Abstract
Several subtypes of Mycobacterium kansasii have been described, but their respective pathogenic roles are not clear. This study investigated the distribution of subtypes and the pathogenicity of M. kansasii strains (n = 191) isolated in Switzerland between 1991 and 1997. Demographic, clinical, and microbiological information was recorded from clinical files. Patients were classified as having an infection according to the criteria of the American Thoracic Society. Subtypes were defined by PCR-restriction enzyme analysis of the hsp65 gene. Subtype 1 comprised 67% of the isolates (n = 128), while subtypes 2 and 3 comprised 21% (n = 40) and 8% (n = 15), respectively. Other subtypes (subtypes 4 and 6 and a new subtype, 7) were recovered from only 4% of patients (n = 8). M. kansasii subtype 1 was considered pathogenic in 81% of patients, while M. kansasii subtype 2 was considered pathogenic in 67% of patients and other subtypes were considered pathogenic in 6% of patients. The majority of patients with M. kansasii subtype 2 were immunocompromised due to the use of corticosteroids (21% of patients) or coinfection with HIV (62.5% of patients). Subtyping M. kansasii may improve clinical management by distinguishing pathogenic from nonpathogenic subtypes.
Mycobacterium kansasii is, after Mycobacterium avium, the mycobacterial species most frequently responsible for disease due to nontuberculous mycobacteria (7). However, little is known about its pathogenicity, mode of transmission, and natural reservoir. M. kansasii is often recovered from tap water and occasionally from river or lake water (12, 16, 17, 24). The isolation of this bacterium from other environmental sources, such as soil and animals, is very rare (1, 2, 18). M. kansasii causes pulmonary disease similar to tuberculosis in immunocompetent patients and pulmonary, extrapulmonary, or disseminated disease in patients with various immunodeficiencies, in particular human immunodeficiency virus (HIV) infection (6, 15, 19). Blood culture isolates, especially those from HIV-infected patients, should always be considered pathogenic (14). However, the isolation of M. kansasii from sputum is not proof of disease, as it may represent a colonization of the respiratory tract (1). The American Thoracic Society has recently proposed diagnostic criteria based on radiographic, clinical, and microbiological data (2).
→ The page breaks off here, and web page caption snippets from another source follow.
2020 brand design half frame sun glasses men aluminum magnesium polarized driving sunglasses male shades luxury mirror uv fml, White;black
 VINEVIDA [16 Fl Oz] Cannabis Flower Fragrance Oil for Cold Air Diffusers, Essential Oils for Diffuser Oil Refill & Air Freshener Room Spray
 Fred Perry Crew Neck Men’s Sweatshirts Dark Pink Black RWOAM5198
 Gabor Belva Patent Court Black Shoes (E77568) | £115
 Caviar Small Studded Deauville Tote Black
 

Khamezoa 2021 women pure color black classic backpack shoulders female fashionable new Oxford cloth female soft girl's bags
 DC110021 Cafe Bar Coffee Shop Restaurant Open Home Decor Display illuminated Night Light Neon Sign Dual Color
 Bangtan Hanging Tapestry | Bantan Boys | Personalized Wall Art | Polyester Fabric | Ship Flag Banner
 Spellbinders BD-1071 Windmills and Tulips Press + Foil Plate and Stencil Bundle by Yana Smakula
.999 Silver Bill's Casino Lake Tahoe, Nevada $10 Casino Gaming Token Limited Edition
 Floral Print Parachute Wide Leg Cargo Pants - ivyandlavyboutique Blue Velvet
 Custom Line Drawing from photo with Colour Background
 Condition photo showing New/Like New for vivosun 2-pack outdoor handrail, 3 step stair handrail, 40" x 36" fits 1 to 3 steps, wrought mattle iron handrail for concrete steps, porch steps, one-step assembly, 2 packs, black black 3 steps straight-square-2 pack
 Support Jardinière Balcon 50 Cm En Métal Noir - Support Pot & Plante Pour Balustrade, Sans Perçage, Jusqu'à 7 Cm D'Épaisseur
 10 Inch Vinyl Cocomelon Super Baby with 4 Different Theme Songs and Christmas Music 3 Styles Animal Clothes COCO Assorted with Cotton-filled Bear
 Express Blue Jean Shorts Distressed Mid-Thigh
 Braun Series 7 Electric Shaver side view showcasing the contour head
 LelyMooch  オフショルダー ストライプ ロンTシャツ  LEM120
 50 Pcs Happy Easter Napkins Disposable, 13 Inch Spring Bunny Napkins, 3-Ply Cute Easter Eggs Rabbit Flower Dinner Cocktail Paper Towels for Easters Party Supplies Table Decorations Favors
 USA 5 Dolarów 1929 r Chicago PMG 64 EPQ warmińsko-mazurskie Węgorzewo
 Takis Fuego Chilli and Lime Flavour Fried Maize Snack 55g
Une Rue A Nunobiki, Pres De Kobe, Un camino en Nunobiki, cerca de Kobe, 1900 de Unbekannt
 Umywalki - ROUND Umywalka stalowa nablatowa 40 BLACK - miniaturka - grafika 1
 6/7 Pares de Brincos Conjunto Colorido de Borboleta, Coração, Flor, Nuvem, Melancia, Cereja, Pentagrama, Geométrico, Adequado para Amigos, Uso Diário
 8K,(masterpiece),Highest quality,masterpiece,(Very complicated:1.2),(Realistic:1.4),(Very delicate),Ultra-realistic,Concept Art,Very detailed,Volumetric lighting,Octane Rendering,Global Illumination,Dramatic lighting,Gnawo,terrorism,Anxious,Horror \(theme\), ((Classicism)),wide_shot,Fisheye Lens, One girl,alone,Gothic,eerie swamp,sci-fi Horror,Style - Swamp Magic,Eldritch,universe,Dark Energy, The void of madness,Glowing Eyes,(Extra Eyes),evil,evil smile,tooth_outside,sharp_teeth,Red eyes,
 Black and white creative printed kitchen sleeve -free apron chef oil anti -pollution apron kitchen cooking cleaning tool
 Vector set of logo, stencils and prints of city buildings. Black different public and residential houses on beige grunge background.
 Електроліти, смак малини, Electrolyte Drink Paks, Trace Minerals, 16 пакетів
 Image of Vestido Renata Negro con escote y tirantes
Phylogenetic and molecular analyses have demonstrated that M. kansasii is a heterogeneous species with several distinct subtypes (1, 18, 21, 22). M. kansasii subtype 1, as defined by polymorphism analysis of the hsp65 gene, is the subtype by far the most frequently isolated from humans; however, it is only rarely isolated from the environment. In contrast, HIV-infected patients seem to be particularly susceptible to infection with M. kansasii subtype 2, which may act as an opportunistic agent (1, 27). Little is known about the pathogenic roles of other subtypes (subtypes 3 to 7), which are generally isolated from environmental sources (1). The aim of the present study was to analyze M. kansasii subtypes isolated from clinical specimens in Switzerland in order to determine the pathogenicity of each subtype.
MATERIALS AND METHODS
M. kansasii isolates.
M. kansasii strains isolated between 1991 and 1997 at six major Swiss laboratories (in Lausanne, Zurich, Bern, Basel, Geneva, and Lugano) were included in a national survey. M. kansasii isolates were identified both biochemically and genetically by using AccuProbe (GenProbe Inc., San Diego, Calif.) for M. kansasii or PCR-restriction enzyme pattern analysis (26). One isolate from each patient was included. M. kansasii isolates that were identified at other Swiss laboratories (n = 23) could not be included in this national survey.
PCR-restriction enzyme pattern analysis of hsp65.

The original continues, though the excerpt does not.